A existência do crime pode ser verificada por meio de provas legalmente

admitidas em direito. Em se tratando de crimes que deixam vestígios materiais, pensamos que

não há necessidade de prova plena dos mesmos para a decretação da prisão preventiva,

podendo, por exemplo, a prova testemunhal suprir o exame pericial, desde que os vestígios do

crime tenham desaparecido ou a perícia ainda não tenha sido concluída.

O requisito “indício suficiente de autoria”, também exigido para a decretação da

prisão preventiva, representa uma conclusão a respeito do provável autor do delito.
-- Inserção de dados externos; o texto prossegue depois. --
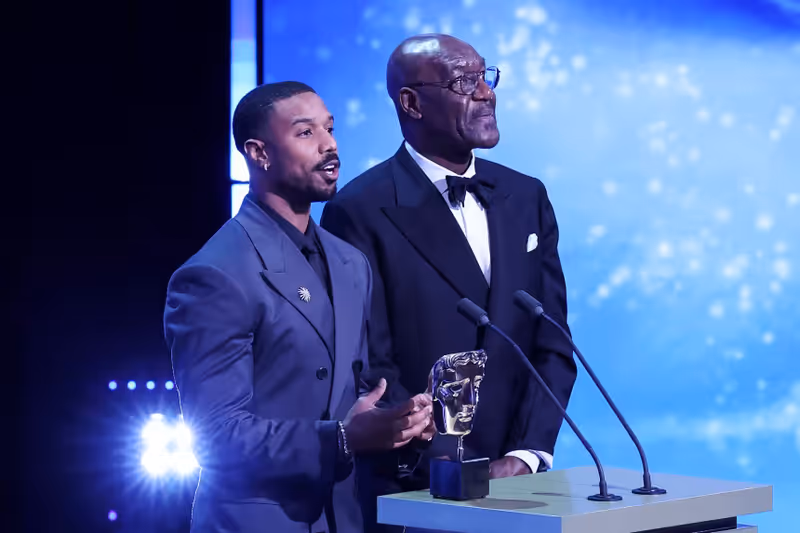 Stage lighting and presenters at the BAFTA Awards ceremony.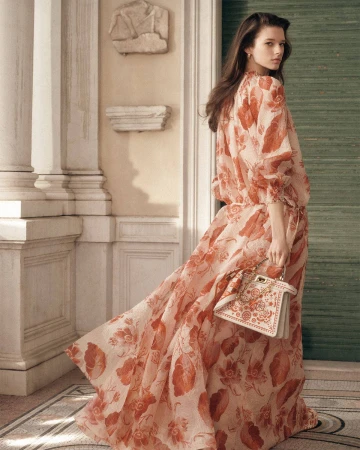 Model wearing a long floral patterned dress holding a white handbag in front of classical architectural columns.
Tal

conclusão é extraída por meio de um raciocínio indutivo lógico, sobre uma circunstância

determinada.227

Os requisitos da “prova da existência do crime” e “indício suficiente de autoria”

são cumulativos, portanto, ambos devem estar presentes na situação em concreto para que seja

autorizado o decreto da prisão preventiva.

Todavia, apenas esses dois requisitos não bastam à efetivação da medida extrema,

mas sim, também ao menos um dos pressupostos dispostos na primeira parte do art. 312,

“caput”, do Código de Processo Penal, acima já referidos. Esses pressupostos, ao contrário

dos requisitos prova da materialidade e indício suficiente de autoria, são alternativos. Ou seja,

não precisa todos estarem presentes para o decreto prisional.

O art. 312, “caput”, do Código de Processo Penal apresenta expressões vagas,

imprecisas, que devem ser preenchidas no caso concreto pelos juízes. Dessa forma, diversos

têm sido os entendimentos sobre as situações que comportariam o preenchimento de tais

expressões, a seguir expostos.

226 FERNANDES, Antonio Scarance. Processo Penal Constitucional. 7ª ed. São Paulo: Revista dos Tribunais, 2012, p. 293. 227 MANZINI, 1952, apud MOURA, Maria Thereza Rocha de Assis. A prova por indícios no processo penal. Rio de Janeiro: Lumen Juris, 2009, p. 28.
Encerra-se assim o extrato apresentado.